Getting started, even when it feels hard.

Your child sits at the homework table and cannot begin. They are not being lazy. They are stuck, and stuck is a real experience.

You can say: “Let's just figure out the very first thing. Not the whole assignment. Just the first step.”

Pause

Stopping before things get worse.

Frustration is building. Pause is the moment between feeling and reacting.

You can say: “I can see things are getting hard. Let's both pause. I'll pause with you.”

Reset

Coming back after being overwhelmed.

Your child has reached a point where they cannot continue. They are not refusing. They are overwhelmed.

You can say: “You don't have to go back to it right now. Let's reset first. What do you need?”

Recover

Moving forward after something goes wrong.

There was an outburst, an argument, or a mistake. Recover is not an apology alone. It is the movement forward.

You can say: “I'm not looking for an apology right now. I want to understand what happened and what you need.”

Reflect

Thinking about how things went and what to try differently.

Reflect is a brief, low-pressure conversation. It is not an interrogation.

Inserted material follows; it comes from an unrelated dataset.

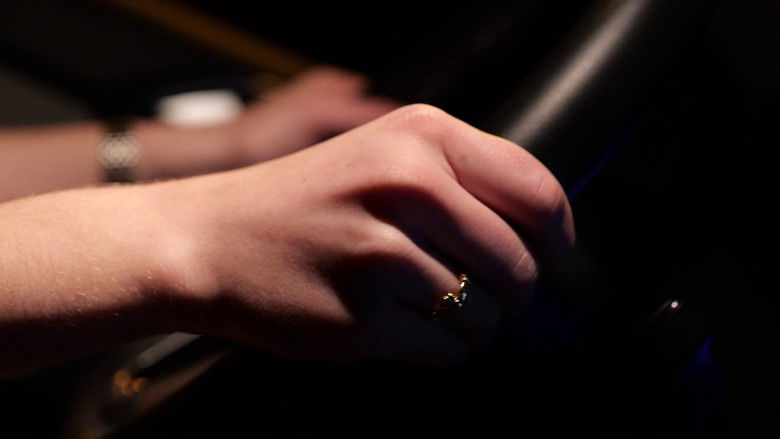 кадр из фильма High Beams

You can say: “What was one thing that worked today? What's one thing you'd try differently next time?”

What Not to Say

AvoidTry instead
Just start. It's not that hard.What's the very first step?
Calm down.Let's pause together.
You need to get it together.Let's reset. What do you need?
I can't believe you did that.What happened? What do you need?
You should have done better.What would you do differently next time?

Talking With Teachers and School Staff

The most useful thing you can tell a teacher is which skills your child has been practicing and where you are seeing them use those skills or where they are struggling to. If your child is in Stability on Start, meaning they still need an adult to help them begin, that is important for the school to know, and it is not a failure. It is information.